In some ways I wish that Umarex had further distinguished this model from the 92A1 and not carried over the select fire mechanism, which has never been a feature of the 92 Series guns, but rather the 93R, which was a different model with a significantly different look and select-fire mechanism. The new M9A3 CO2 model uses the same small lever on the right side of the receiver, just behind the grips, to shift firing from semi-auto to full auto. With the FDE finish it is no longer a subtle detail as it was on the 92A1. I can’t say it isn’t fun to shoot the gun on full auto, but it really doesn’t belong on the M9A3. Consider it a “bonus feature” for otherwise doing an impressive job of duplicating the 9mm model.

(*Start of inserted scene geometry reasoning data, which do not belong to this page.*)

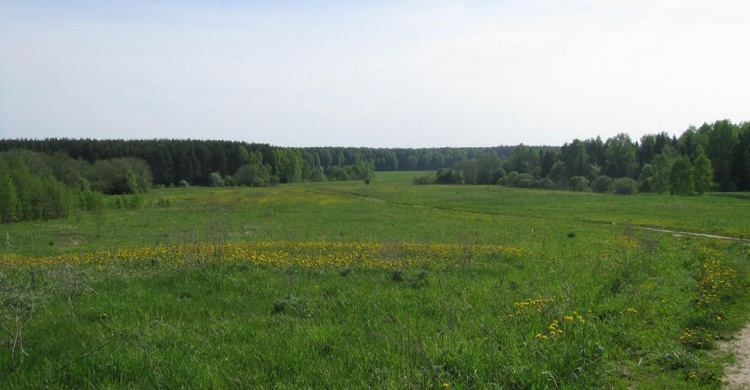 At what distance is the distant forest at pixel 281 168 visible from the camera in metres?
50.6

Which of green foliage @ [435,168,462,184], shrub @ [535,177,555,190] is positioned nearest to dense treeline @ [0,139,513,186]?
green foliage @ [435,168,462,184]

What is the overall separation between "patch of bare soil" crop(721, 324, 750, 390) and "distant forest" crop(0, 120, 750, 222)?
154 ft

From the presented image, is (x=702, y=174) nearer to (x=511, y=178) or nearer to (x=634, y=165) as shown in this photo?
(x=634, y=165)

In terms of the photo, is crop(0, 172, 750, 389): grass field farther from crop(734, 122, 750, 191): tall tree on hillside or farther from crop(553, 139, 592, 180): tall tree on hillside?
crop(553, 139, 592, 180): tall tree on hillside

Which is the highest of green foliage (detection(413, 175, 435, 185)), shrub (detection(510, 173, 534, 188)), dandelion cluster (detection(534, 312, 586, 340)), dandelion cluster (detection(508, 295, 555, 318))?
dandelion cluster (detection(534, 312, 586, 340))

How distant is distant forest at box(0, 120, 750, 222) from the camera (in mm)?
50578

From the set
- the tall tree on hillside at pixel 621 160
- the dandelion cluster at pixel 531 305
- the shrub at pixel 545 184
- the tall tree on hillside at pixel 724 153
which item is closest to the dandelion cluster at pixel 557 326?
the dandelion cluster at pixel 531 305

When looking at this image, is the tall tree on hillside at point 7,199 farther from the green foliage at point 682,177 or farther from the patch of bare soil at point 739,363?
the green foliage at point 682,177

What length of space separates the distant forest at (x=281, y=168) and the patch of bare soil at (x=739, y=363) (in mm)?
46917

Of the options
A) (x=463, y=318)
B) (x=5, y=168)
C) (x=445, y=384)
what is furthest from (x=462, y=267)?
(x=5, y=168)

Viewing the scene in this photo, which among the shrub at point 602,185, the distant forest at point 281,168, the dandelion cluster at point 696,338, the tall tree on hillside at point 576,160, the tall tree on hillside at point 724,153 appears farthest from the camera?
the tall tree on hillside at point 576,160

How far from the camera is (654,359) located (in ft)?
23.0

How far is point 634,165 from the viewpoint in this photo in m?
109

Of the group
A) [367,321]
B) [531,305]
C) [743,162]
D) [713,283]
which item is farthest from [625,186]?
[367,321] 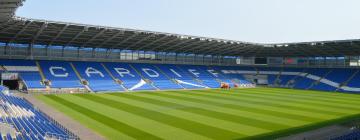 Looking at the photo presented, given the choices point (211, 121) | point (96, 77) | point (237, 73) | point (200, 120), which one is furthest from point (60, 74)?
point (237, 73)

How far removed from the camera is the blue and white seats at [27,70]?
4118 cm

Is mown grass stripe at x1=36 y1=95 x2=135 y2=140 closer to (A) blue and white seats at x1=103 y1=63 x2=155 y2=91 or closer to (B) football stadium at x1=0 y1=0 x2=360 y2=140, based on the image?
(B) football stadium at x1=0 y1=0 x2=360 y2=140

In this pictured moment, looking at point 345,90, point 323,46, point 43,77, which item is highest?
point 323,46

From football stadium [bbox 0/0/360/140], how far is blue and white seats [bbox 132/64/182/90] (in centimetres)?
23

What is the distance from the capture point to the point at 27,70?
145 feet

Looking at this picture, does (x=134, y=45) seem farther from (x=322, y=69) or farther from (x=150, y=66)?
(x=322, y=69)

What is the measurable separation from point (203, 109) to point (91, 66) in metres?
30.0

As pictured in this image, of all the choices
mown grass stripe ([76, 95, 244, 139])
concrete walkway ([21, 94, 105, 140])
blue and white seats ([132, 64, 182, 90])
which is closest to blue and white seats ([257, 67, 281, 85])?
blue and white seats ([132, 64, 182, 90])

In Part 2 we’ll run comparative velocity tests and begin POA accuracy with the fixed sights to see if there is any improvement. In Part 3 the gun will get extra range testing with the open sights and the addition of a LaserMax Spartan green laser to see just how tight this gun can group.
A word about safety
Blowback action airguns provide the look, feel and operation of their cartridge-firing counterparts and this is one reason why they have become so popular. Airguns in general all look like guns, blowback action models more so, and it is important to remember that the vast majority of people can’t tell an airgun from a cartridge gun. Never brandish an airgun in public. Always, and I can never stress this enough, always treat an airgun as you would a cartridge gun. The same manual of operation and safety should always apply.